Cheating in the Boardroom Starts in College?

Business school students are more likely to cheat on exams.

May 7, 2007 — -- Insider trading. Stock backdating. Tax fraud.

Where do American business executives pick up their bad habits?

Possibly in college.

It turns out that business school students tend to cheat more often than their counterparts in other fields, according to at least one study.

Just last week, Duke University reported that 34 business school students had been caught cheating on a take-home exam. But the problem is more widespread than just Duke.

A survey for the Center for Academic Integrity at Duke found 56 percent of MBA students acknowledged cheating, compared with 54 percent in engineering, 48 percent in education and 45 percent in law school.

The report, conducted from 2002 to 2004, asked 5,300 students at 54 institutions, including 623 students at 32 graduate business schools, if they ever cheated.

Why is cheating more rampant in business programs than elsewhere?The study's lead author, Donald L. McCabe, a professor at Rutgers Business School, said it is the nature of testing and of the personality of the students.

First, he said, in many business school classes, such as finance and accounting, there is often only one right answer on an exam. "If I can glance over at your paper and see what that right answer is, for a very small risk, I've got a big return," McCabe said.

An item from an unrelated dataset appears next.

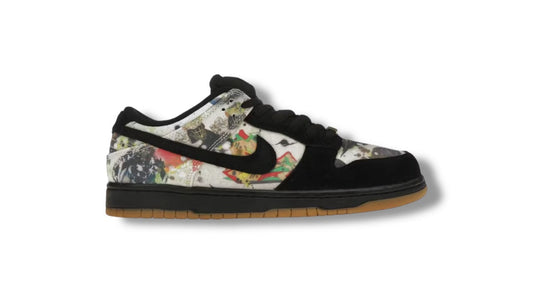 Nike SB Dunk Low x Supreme "Rammellzee"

Students in a history or English class, on the other hand, do not really gain much by seeing a few words of their neighbor's essay.

Then there is the students' personalities."I think it's the nature of the people that attracted to the business," McCabe said. "They seem to arrive already with this bottom line mentality … that getting the job done is more important sometimes than how you get the job done."

So does college cheating translate into cheating in the corporate boardroom?"If you take somebody who has never cheated in college and they go into an environment in business where there is a lot inappropriate behavior going on eventually, I'm afraid, many of them may conclude they have no choice but to engage in it as well," McCabe said.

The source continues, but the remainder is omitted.